Thomas was found guilty of causing unnecessary suffering to a badger by causing it to fight with dogs. He was also found guilty of causing unnecessary suffering to two foxes by keeping them caged close to dogs, causing the foxes to be terrified, and other animal welfare allegations.
Houlston, the hunt terrier man, was convicted of ill-treating a badger, and unnecessary suffering by causing a badger to fight with dogs at Cwm Bowydd Farm in February 2017. He was also found guilty of causing unnecessary suffering to four dogs and failing to meet the welfare needs of seven dogs.

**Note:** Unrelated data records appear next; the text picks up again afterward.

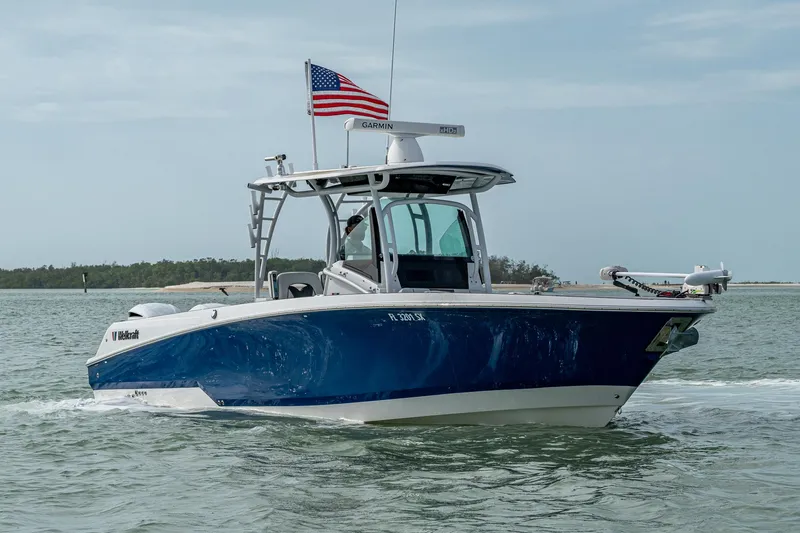 Slide: The Image of 2020 Wellcraft 302 Fisherman boat cruising on water with American flag. - 4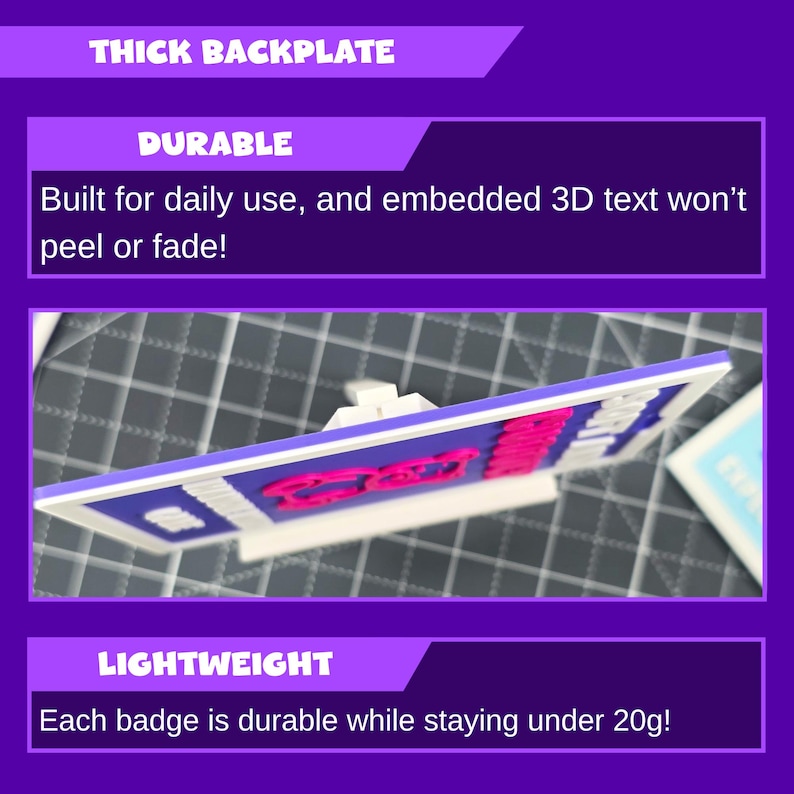 May include: A rectangular badge with a white frame, blue background, and pink 3D text. The text reads "GOOD". The badge is lightweight and durable, with a thick backplate. The text "Built for daily use, and embedded 3D text won't peel or fade!" is also visible.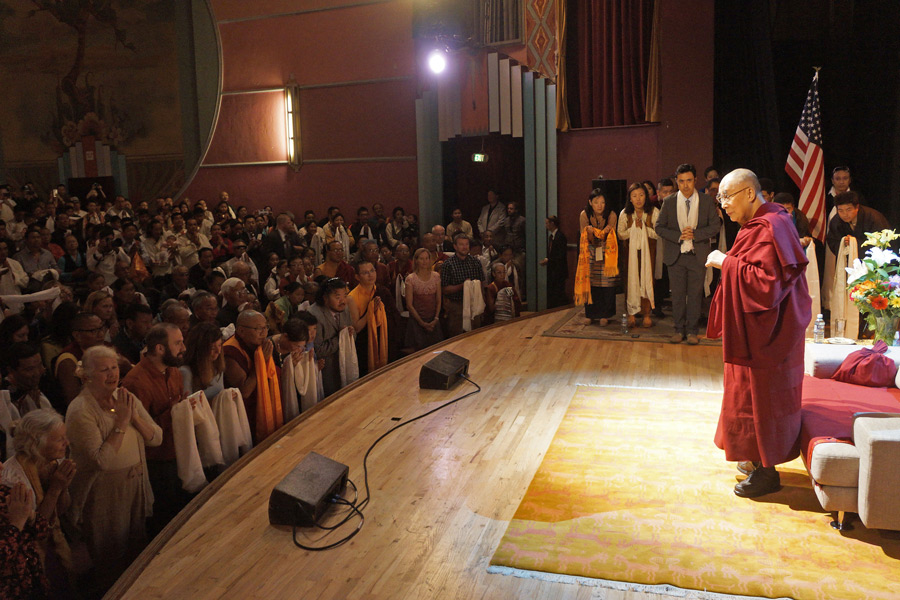 Audience members holding ceremonial white scarves as a token of respect as His Holiness arrives at the Boulder Theater in Boulder, Colorado on June 24, 2016. (Photo courtesy/Jeremy Russell/OHHDL)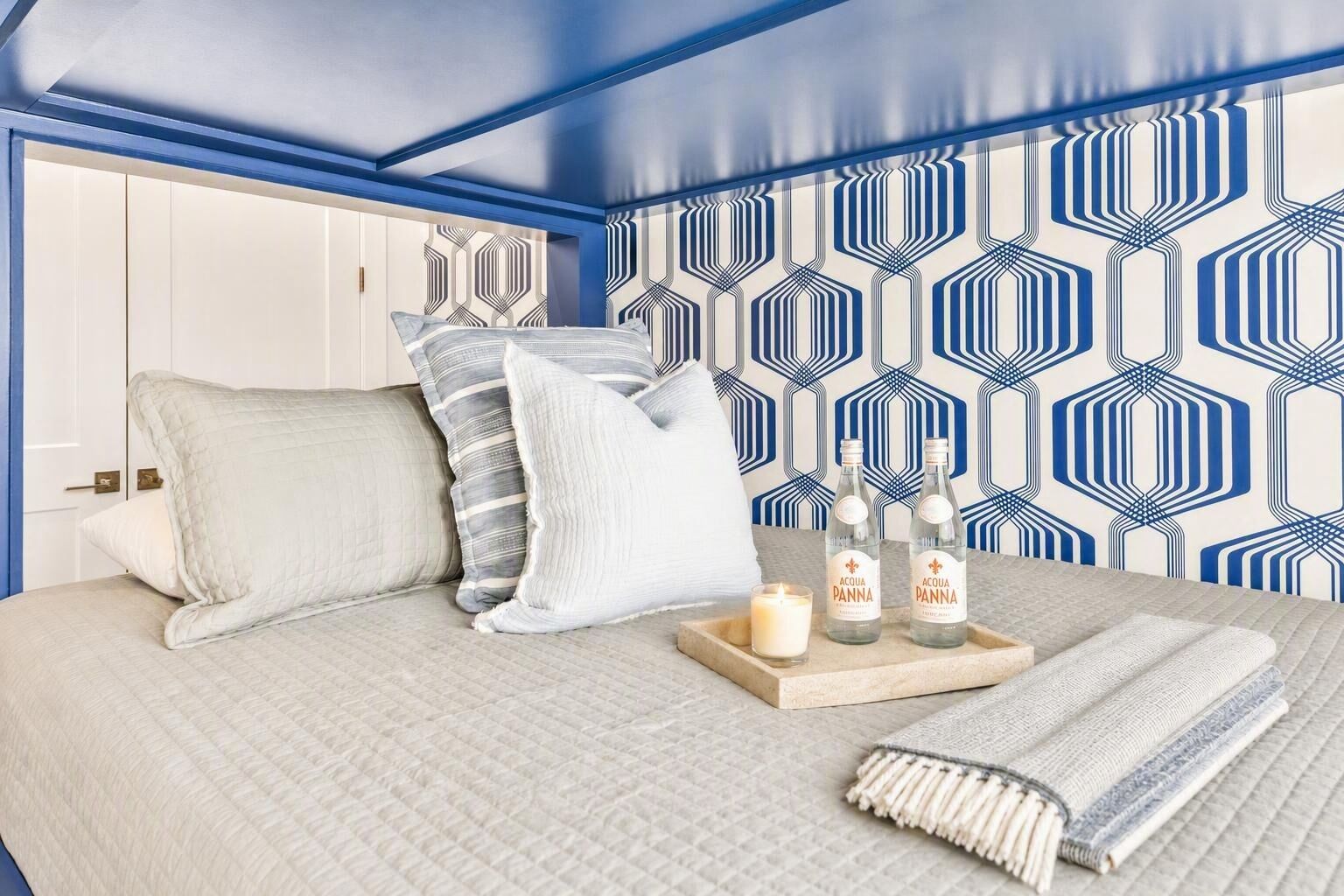 A bedroom with a bed, pillows, a tray with bottles, a candle, and a blanket.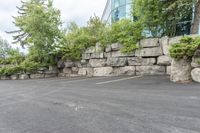 a parking lot that has a stone wall around it to provide a parking spot for the cars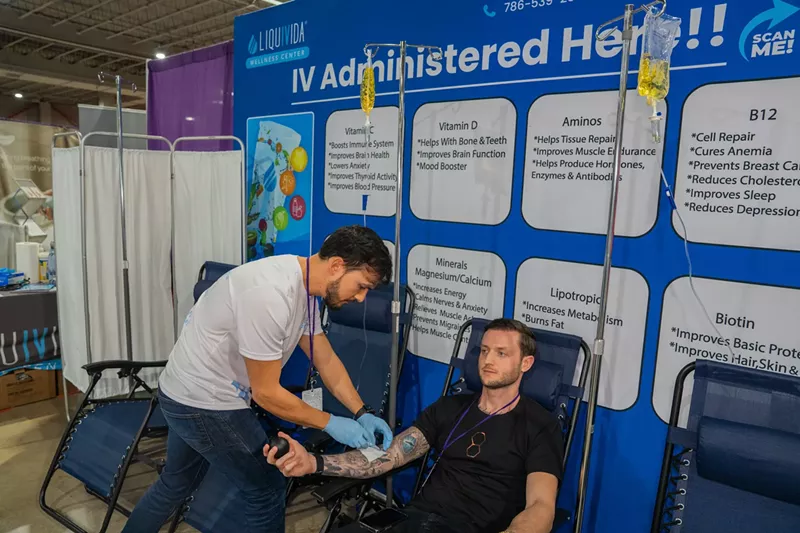 Image: a man administers IV treatment to another man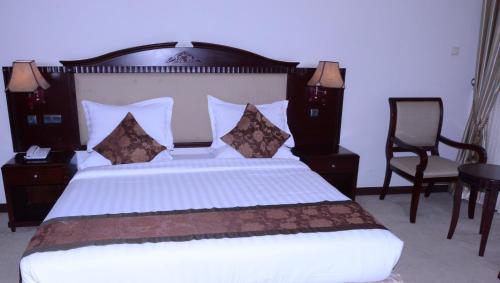 a bedroom with a large bed with a wooden headboard at Debredamo Hotel in Addis Ababa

Morris pleaded guilty to wilfully injuring a badger, being present at an animal fight and causing unnecessary suffering to a badger by causing it to fight with a dog.
Sentencing: David Thomas – imprisoned for 22 weeks, and placed under close supervision for a 12-month period; costs of £5,000. Disqualified from keeping dogs for eight years.
Houlston – imprisoned for 20 weeks, and also placed under close supervision for a 12-month period; total of £750 costs and charges. Disqualified from keeping dogs for eight years.
Morris – 10-week prison sentence, suspended for 12 months; 150 hours of unpaid work; total of £650 costs and charges. Disqualified from keeping dogs for four years.
The unnamed 17-year-old who had pleaded guilty to being present at an animal fight was ordered to pay a total of £220 in costs and banned from keeping dogs for four years.